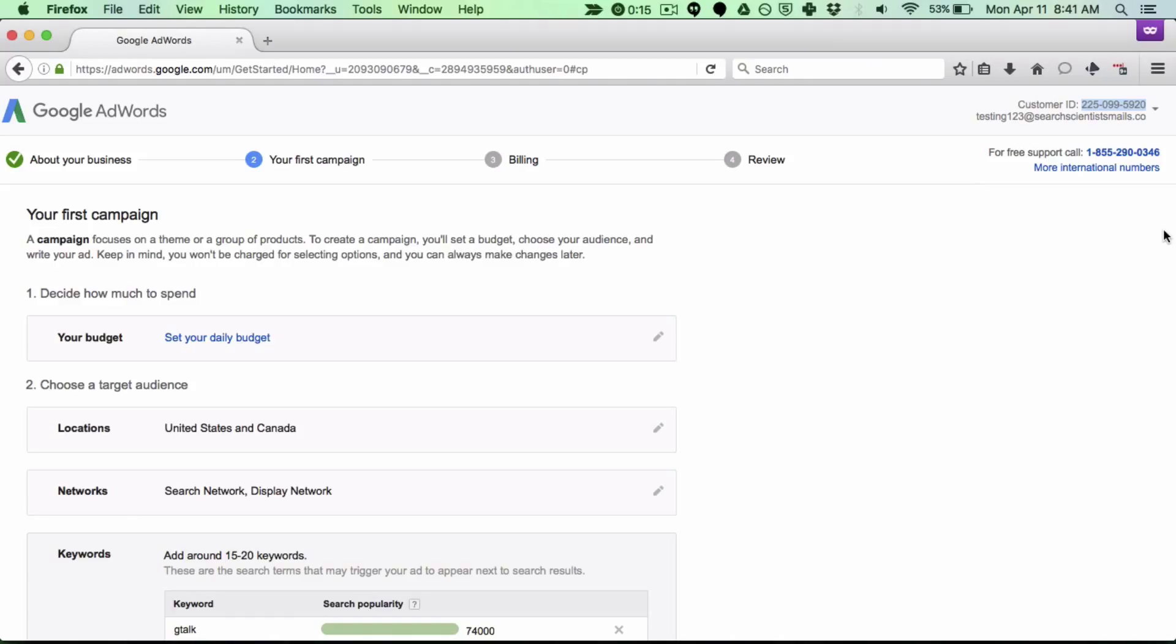This person will then request access and then I'll simply follow the prompts that show up in my email to complete this process. So again it's relatively simple but it's a different process for AdWords as it is in Google Analytics and hopefully this video makes it a little bit easier for you. Have a good one.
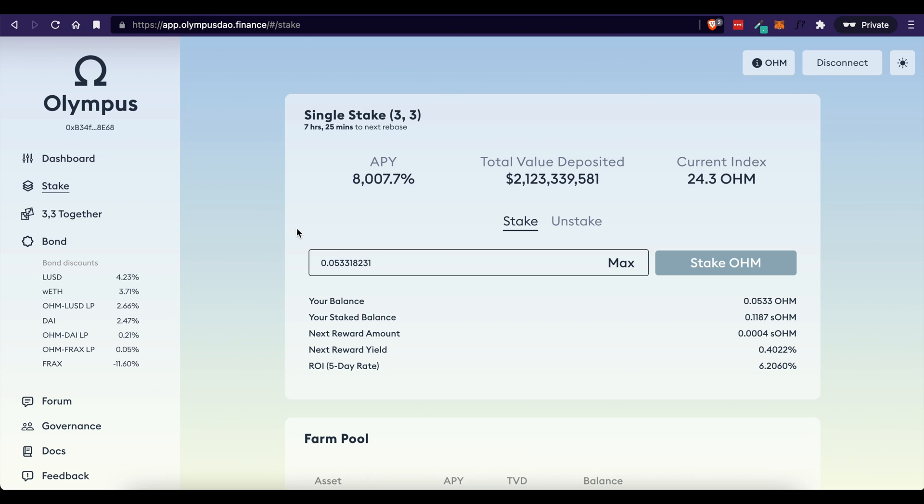So hopefully this video has been helpful in showing you the process of taking your ether token and converting it to OHM and then how to actually stake the OHM in Olympus DAO. If it's been helpful, please give it a thumbs up and subscribe to my channel for more videos, just like this one. And I will see you guys in the next video.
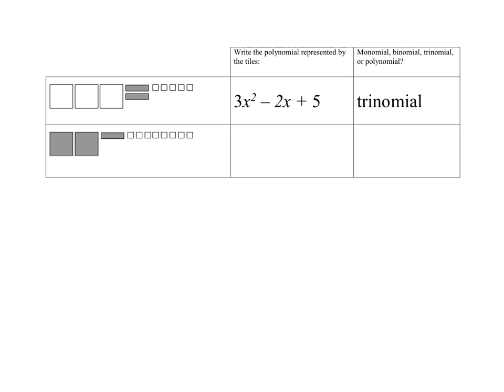So here in this first picture, we have a polynomial being represented by these tiles, and we want to figure out what the polynomial is. We just look at each type of tile. We have three unshaded x squared tiles, so those make 3x squared. These two tiles are both negative x's because they're shaded, so altogether that's negative 2x. And then our little unit tiles — we have 5 of them and they're unshaded, so they're positive, giving us plus 5. Since there are 3 terms and 3 types of tiles, this polynomial is called a trinomial.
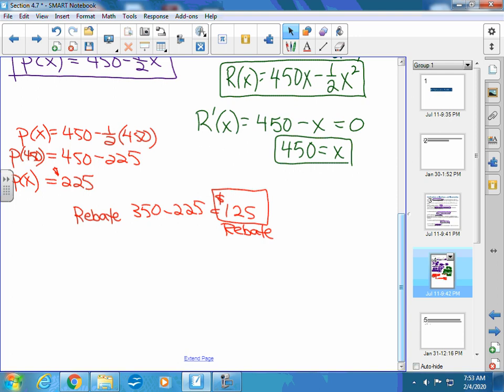The whole idea is there is a break point where, if you sell it for a lower enough amount, you're going to sell more and end up making more money.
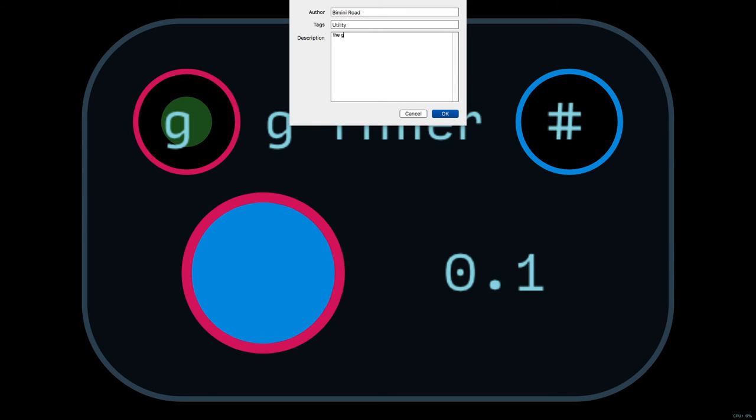So, type it in the metadata there, the author name, the tags, a little description of what it does. All right, and that's it for the g-timer patch.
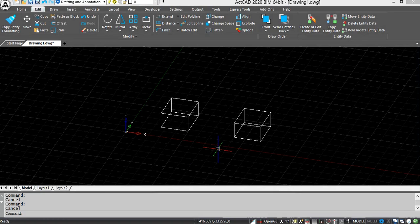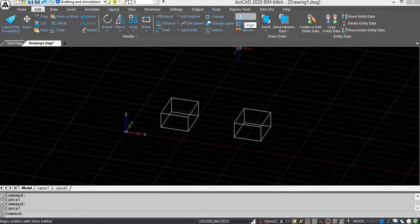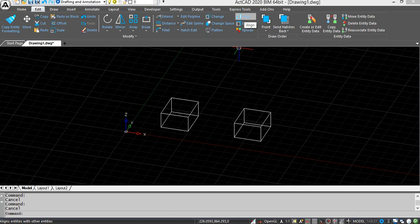Align. In this video, I am explaining about the align command. Align command is used to align one object with another object by specifying 3 source points and 3 destination points.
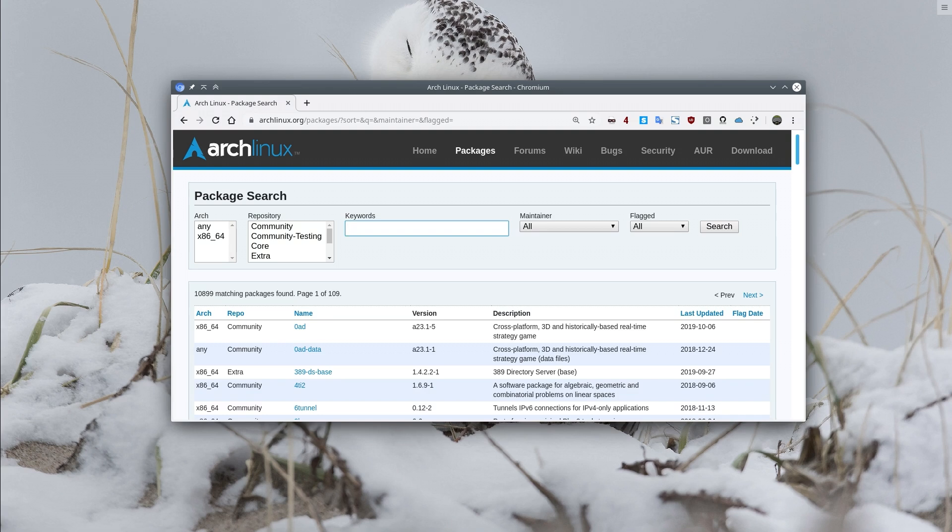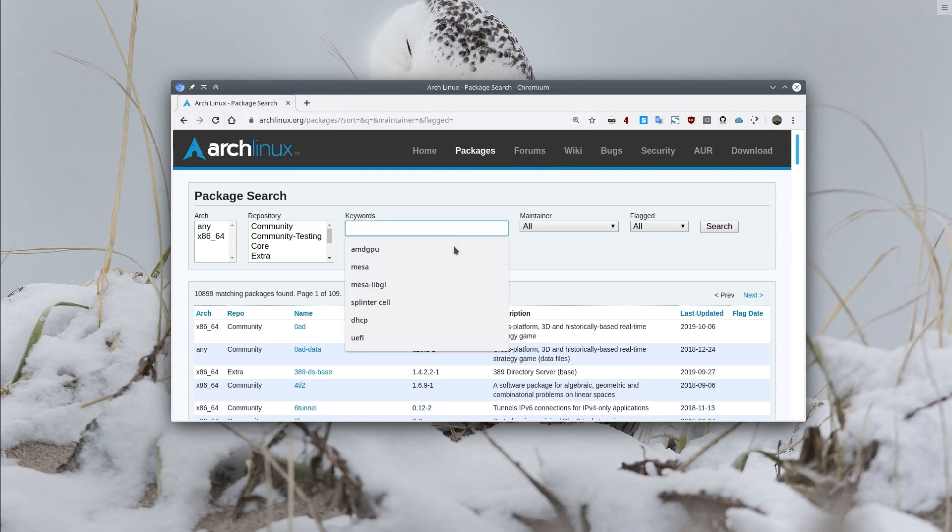Let me demonstrate it to you. Here I've visited an Arch Linux website and at this page you can browse available packages. If I click the keywords field you could see my previous search values.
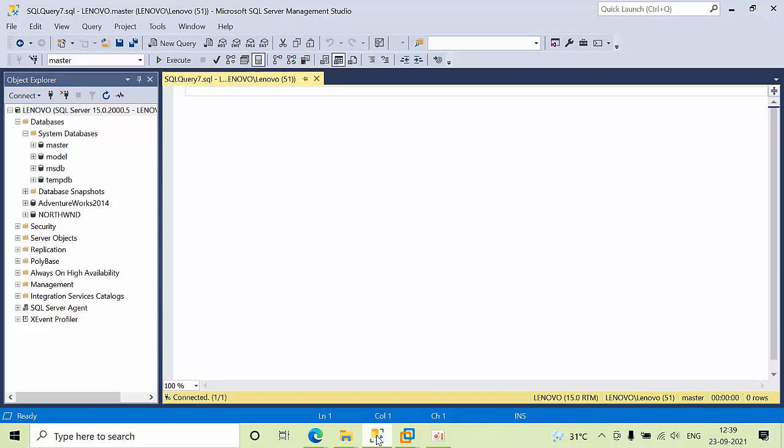Hello friends, today I'm going to show you how to check when DBCC CHECKDB was last run. DBCC CHECKDB performs the logical and physical integrity checks for all objects.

### [Required work]
Skip the pictures and retype exactly the lines from the one that contains "Align. In this" to the last line of the records.

### [Answer to this task]
Align. In this video, I am explaining about the align command. Align command is used to align one object with another object by specifying 3 source points and 3 destination points.
Let me demonstrate it to you. Here I've visited an Arch Linux website and at this page you can browse available packages. If I click the keywords field you could see my previous search values.
Hello friends, today I'm going to show you how to check when DBCC CHECKDB was last run. DBCC CHECKDB performs the logical and physical integrity checks for all objects.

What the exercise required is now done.